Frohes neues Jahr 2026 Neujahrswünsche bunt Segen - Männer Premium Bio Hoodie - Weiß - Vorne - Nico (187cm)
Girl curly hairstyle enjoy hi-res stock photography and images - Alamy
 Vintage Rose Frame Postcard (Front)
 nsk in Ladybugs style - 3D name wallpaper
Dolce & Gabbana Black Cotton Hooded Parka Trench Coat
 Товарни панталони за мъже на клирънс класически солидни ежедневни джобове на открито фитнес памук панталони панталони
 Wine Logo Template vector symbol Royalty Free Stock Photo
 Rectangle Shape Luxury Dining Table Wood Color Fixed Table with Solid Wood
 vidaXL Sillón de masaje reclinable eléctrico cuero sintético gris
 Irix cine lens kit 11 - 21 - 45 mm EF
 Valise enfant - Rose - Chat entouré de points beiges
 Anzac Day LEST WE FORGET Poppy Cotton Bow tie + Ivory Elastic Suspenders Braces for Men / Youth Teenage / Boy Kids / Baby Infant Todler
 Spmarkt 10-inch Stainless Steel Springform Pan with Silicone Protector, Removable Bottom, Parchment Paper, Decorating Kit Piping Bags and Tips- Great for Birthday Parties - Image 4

Activity:
Write out every entry above, word for word.

Response to the exercise:
Frohes neues Jahr 2026 Neujahrswünsche bunt Segen - Männer Premium Bio Hoodie - Weiß - Vorne - Nico (187cm)
Girl curly hairstyle enjoy hi-res stock photography and images - Alamy
 Vintage Rose Frame Postcard (Front)
 nsk in Ladybugs style - 3D name wallpaper
Dolce & Gabbana Black Cotton Hooded Parka Trench Coat
 Товарни панталони за мъже на клирънс класически солидни ежедневни джобове на открито фитнес памук панталони панталони
 Wine Logo Template vector symbol Royalty Free Stock Photo
 Rectangle Shape Luxury Dining Table Wood Color Fixed Table with Solid Wood
 vidaXL Sillón de masaje reclinable eléctrico cuero sintético gris
 Irix cine lens kit 11 - 21 - 45 mm EF
 Valise enfant - Rose - Chat entouré de points beiges
 Anzac Day LEST WE FORGET Poppy Cotton Bow tie + Ivory Elastic Suspenders Braces for Men / Youth Teenage / Boy Kids / Baby Infant Todler
 Spmarkt 10-inch Stainless Steel Springform Pan with Silicone Protector, Removable Bottom, Parchment Paper, Decorating Kit Piping Bags and Tips- Great for Birthday Parties - Image 4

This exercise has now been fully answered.